The last few weeks I have been super busy at work and my weekends haven't been much different. It's left me with very little done at work, massive insomnia, panic attacks, and no proper time to reset. I have learned with my anxiety that I require an amount of time to reset.
I have taken time off from cosplay to lighten my schedule but my schedule seems to get worse. I can't explain what it's like to force myself out of bed in the morning and barely have energy to make it in the door after an 8 hour shift and mind you I do mental work not physical work. I need reset time or I crack.
Tuesday, I had a bad anxiety attack at work and it wasn't until Wednesday night that I finally slept okay.
The previous weekend I went to a friends, Static Trapeze, and worked the rest on something for work.
This weekend I spent my entire Saturday at a Viking event as the queens guest. Which is fun and all but I left my home around 11:30am and got home at midnight. Day shot. I really wanted to stop and pick up almonds on my way home too. Oh well.
Sunday was Static Traoeze which is sadly a longer day then it needs to be. The gym is a 1.5 hour drive from me. Our classes change. This week it was 4-5:30pm. If I left from home I would leave at 2pm and be home by 7/7:30 but in the interest of being social (and impractical) I drive an extra hour out of the way. I wind up leaving at 1:30 and then not getting home until 9pm because everyone wants to eat which is fine but I am rarely hungry after class and I would rather eat home after being out so long. What should be a 6 hour max day winds up being much longer.
So here I am completely wiped out and sad.

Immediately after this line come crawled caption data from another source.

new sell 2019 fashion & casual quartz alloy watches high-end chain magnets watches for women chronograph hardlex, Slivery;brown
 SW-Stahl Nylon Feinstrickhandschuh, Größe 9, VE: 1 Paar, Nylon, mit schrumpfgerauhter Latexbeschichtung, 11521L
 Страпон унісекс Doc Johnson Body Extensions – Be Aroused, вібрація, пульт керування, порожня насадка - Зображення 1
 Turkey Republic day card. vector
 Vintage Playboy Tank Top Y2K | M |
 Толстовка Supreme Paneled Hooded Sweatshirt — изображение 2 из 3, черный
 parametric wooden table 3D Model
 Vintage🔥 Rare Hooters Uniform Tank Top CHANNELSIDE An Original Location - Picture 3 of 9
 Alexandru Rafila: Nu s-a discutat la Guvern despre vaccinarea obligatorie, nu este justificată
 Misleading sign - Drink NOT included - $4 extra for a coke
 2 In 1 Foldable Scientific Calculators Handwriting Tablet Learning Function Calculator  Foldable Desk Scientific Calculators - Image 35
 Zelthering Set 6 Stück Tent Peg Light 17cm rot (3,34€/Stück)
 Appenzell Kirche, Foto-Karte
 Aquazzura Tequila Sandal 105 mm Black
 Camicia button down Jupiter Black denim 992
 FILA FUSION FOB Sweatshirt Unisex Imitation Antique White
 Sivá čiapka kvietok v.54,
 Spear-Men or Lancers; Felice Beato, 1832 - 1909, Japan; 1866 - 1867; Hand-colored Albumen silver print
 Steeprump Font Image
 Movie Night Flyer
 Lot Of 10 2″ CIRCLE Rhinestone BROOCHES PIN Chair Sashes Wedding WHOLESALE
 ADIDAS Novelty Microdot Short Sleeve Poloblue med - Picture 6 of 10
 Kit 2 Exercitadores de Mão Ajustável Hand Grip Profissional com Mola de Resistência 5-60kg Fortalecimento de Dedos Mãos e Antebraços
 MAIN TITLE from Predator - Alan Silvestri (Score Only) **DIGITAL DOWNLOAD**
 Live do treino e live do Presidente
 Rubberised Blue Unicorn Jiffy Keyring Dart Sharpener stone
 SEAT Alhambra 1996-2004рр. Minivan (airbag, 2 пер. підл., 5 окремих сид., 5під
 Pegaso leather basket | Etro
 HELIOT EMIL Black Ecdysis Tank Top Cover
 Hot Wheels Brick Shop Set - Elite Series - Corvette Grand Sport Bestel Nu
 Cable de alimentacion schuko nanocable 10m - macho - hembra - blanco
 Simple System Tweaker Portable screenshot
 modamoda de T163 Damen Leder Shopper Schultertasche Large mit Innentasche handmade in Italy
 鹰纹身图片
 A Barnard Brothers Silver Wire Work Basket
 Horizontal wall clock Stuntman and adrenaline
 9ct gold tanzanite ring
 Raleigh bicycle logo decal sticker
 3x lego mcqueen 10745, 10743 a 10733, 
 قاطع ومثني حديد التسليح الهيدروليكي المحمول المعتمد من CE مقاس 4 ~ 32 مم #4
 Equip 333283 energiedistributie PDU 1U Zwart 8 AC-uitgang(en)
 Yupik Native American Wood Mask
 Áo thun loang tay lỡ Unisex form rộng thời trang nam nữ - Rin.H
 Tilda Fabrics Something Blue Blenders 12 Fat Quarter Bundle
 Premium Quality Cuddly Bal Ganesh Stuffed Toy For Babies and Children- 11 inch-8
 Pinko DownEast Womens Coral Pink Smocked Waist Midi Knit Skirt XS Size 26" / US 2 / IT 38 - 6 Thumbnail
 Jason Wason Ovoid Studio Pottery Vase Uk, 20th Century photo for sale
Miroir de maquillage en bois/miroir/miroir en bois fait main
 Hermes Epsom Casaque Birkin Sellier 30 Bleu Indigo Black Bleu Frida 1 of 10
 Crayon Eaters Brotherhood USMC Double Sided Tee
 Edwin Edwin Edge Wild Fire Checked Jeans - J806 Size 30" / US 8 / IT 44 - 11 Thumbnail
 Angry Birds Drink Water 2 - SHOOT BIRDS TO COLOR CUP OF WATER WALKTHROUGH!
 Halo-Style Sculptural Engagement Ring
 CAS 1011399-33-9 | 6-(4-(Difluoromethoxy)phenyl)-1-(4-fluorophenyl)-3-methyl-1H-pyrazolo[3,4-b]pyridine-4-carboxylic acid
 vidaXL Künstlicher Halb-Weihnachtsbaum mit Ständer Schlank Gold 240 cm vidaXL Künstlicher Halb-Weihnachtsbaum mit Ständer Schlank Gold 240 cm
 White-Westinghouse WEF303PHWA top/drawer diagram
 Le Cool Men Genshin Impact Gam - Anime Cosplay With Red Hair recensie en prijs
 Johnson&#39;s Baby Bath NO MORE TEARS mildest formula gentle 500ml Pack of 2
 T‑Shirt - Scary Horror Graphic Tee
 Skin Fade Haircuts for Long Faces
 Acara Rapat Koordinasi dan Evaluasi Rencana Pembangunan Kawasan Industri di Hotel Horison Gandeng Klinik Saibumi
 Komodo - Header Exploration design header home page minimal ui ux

I am happy that I have friends that want to spend time with me but I really need my me time and sleep doesn't count. If I wasn't horribly embarrassed by it I would show you the horrendous condition of this apartment. The laundry was not put away from two weeks ago. I finally washed the dishes. It's crafting madness because of the work thing. I barely made my weekly lunches tonight. I didn't the last two weeks but I can't keep doing that.
Bottom line. No more car pooling for me.
Also Saturday's need to not be full day events. I can't do that.